A Coca-Cola é única (Princípio de Gause). Fiel ao seu foco (strategos),
incansável para assegurar o seu marketingmind brand positioning. Errou
quando tentou “copiar a Pepsi”; transgrediu a lei da percepção:
Alguns executivos dos refrigerantes acreditam que o marketing é uma batalha
de paladares. Bem, a New Coke é a no 1 em paladar. A Coca-Cola Company
realizou 200.000 testes de paladar que “provaram” ter a New Coke gosto
melhor do que a Pepsi-Cola e que a Pepsi é mais gostosa que a fórmula
original da Coca-Cola, agora chamada de Coca-Cola Classic. (Ries, 1993: 17)

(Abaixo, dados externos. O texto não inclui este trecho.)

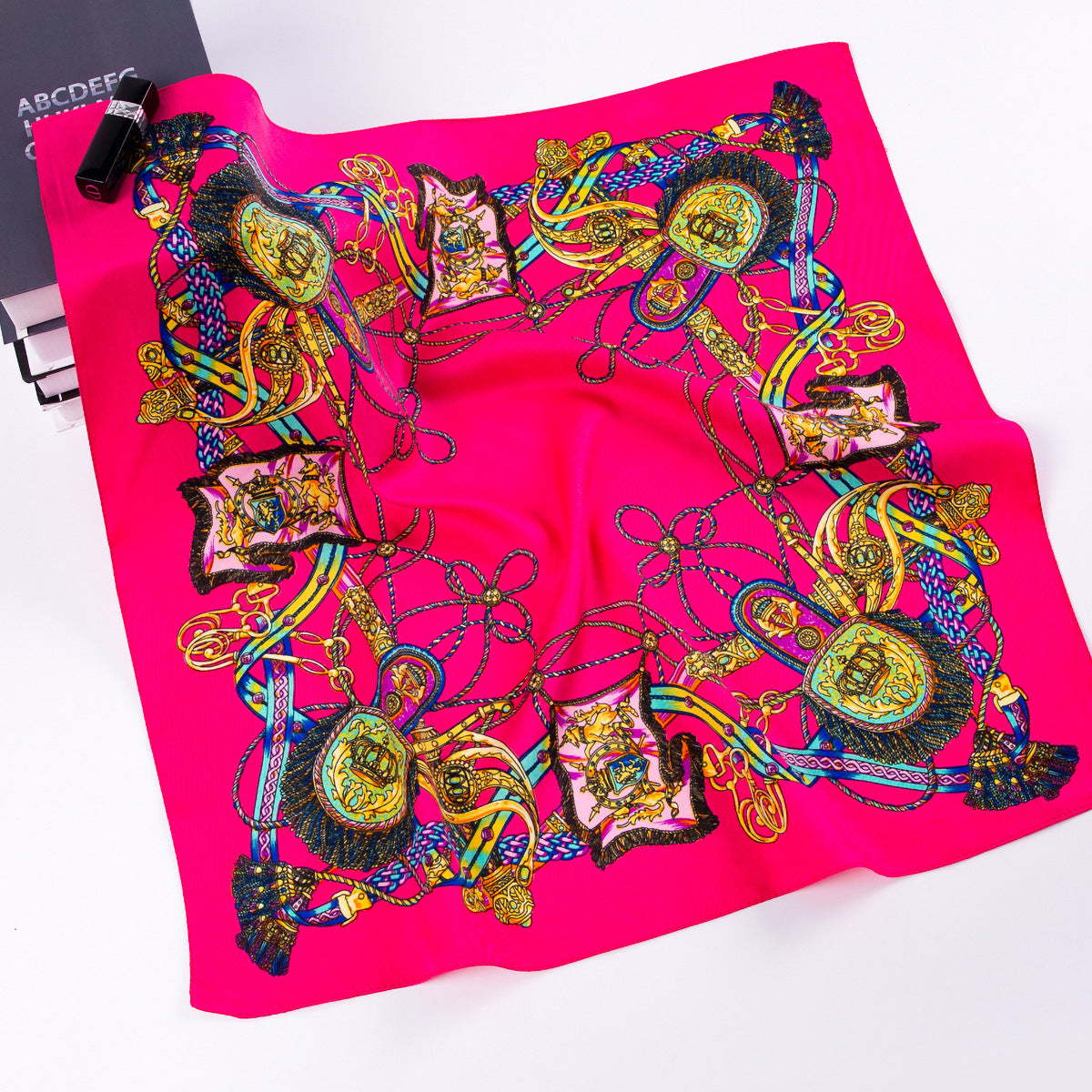60 * 60cm small square scarf, European and American belt fringed rope twill printed scarf, spot wholesale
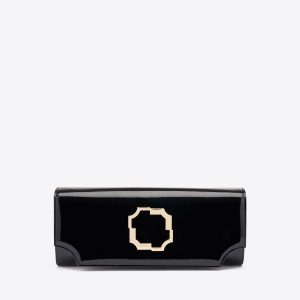 Malone Souliers Vivien Black Patent Leather Wallet on Chain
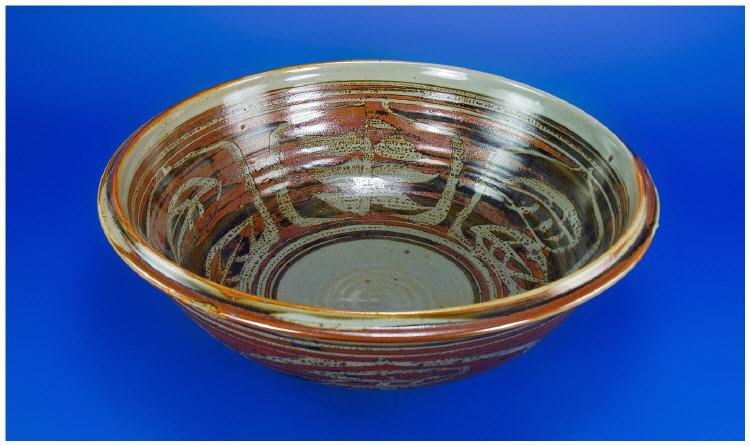 Appraisal: Crowan Pottery Studio Bowl By Harry May Davis Stylised Leaf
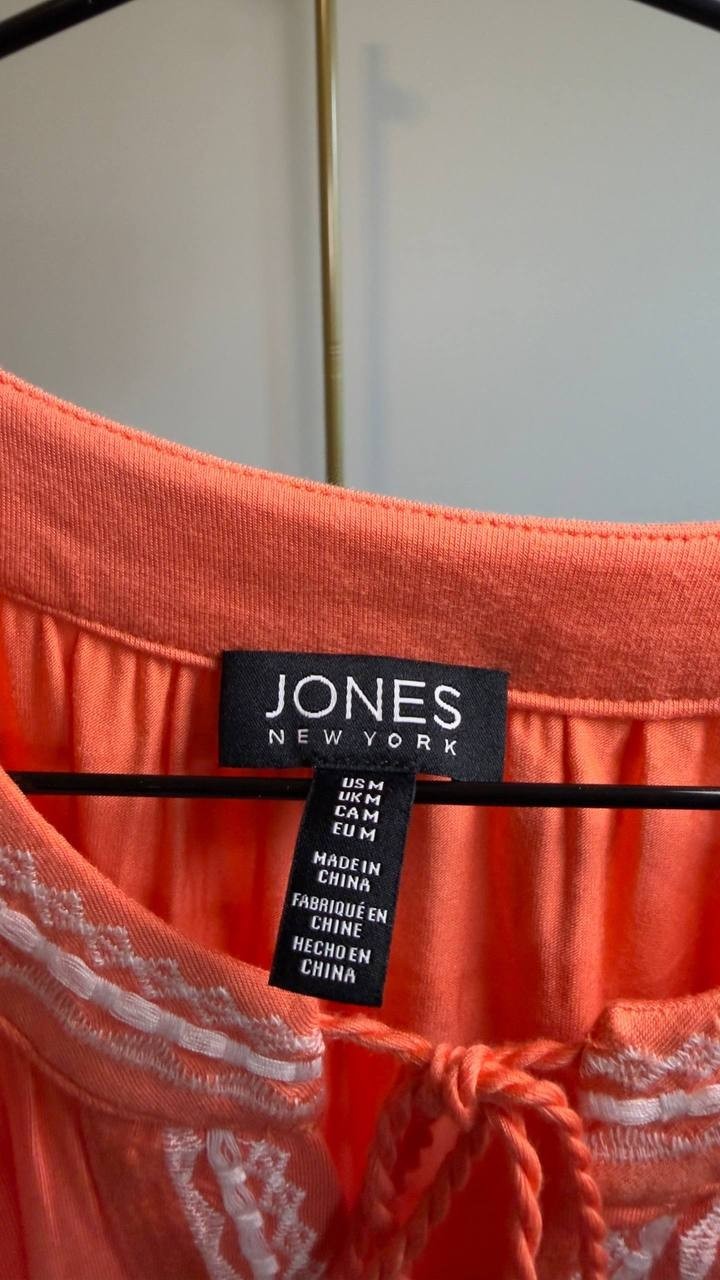 Jones New York Embroidered Halter Neck Tank Coral Sun M NWT $69.50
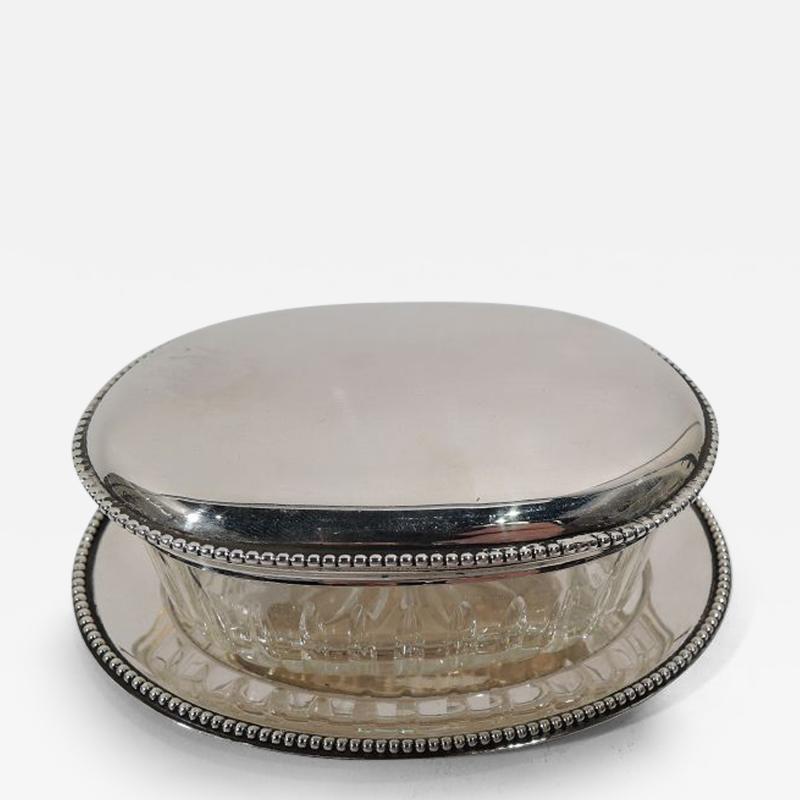 Antique Austrian Classical Silver and Glass Vanity Jar on Stand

Quem está vencendo a batalha? Coca-Cola (Classic), New Coke ou Pepsi?
Segundo Ries, a líder de sempre.
A New Coke, que a pesquisa mostrou ter o melhor sabor, está em terceiro
lugar. A Coca-Cola Classic, que a empresa mostrou ter o pior sabor, está em
primeiro lugar. As pessoas acreditam naquilo que querem acreditar (...) o
mercado de refrigerantes é uma batalha de percepções, não de sabor. (ibid.:
17)
Fábricas modernas, exemplos de produção, logística, caminhões, propaganda,
tudo é mágico “dentro” e “fora”. A marca é tudo isso. É um léxico de
contigüidade neural, como já mencionado.
Posicionamento estratégico, vantagens competitivas sustentáveis, escopo da
cadeia de valor, marketing, mente e marca são o conjunto que a empresa deve
administrar.
A Coca-Cola fará tudo para ser a no 1 na mente de todos. Essa é a sua
estratégia.
Concluindo, segundo Kotler (1999), Ries (2000) e Nobrega (2001), a marca
deve forjar a sua escolha estratégica orientada pelo marketingmind approach.
Isto é, tanto o seu posicionamento estratégico quanto as vantagens
competitivas sustentáveis devem ser administradas sob essa abordagem.
Identidade e imagem de marca precisam estar sincronizadas. Tanto “fora”
quanto “dentro”, a marca é uma só. A missão é a marca; a marca é a missão.
A decisão de um marketingmind brand positioning (posicionamento da marca na
mente e no mercado), depende da análise que se faz do léxico: estratégia,
marketing, marca e mente dentro de um cenário competitivo. É uma opção que
não se pode mudar, depois de fixada. Para vencer a competição, a marca deve
ser fiel à estratégia com muita criatividade.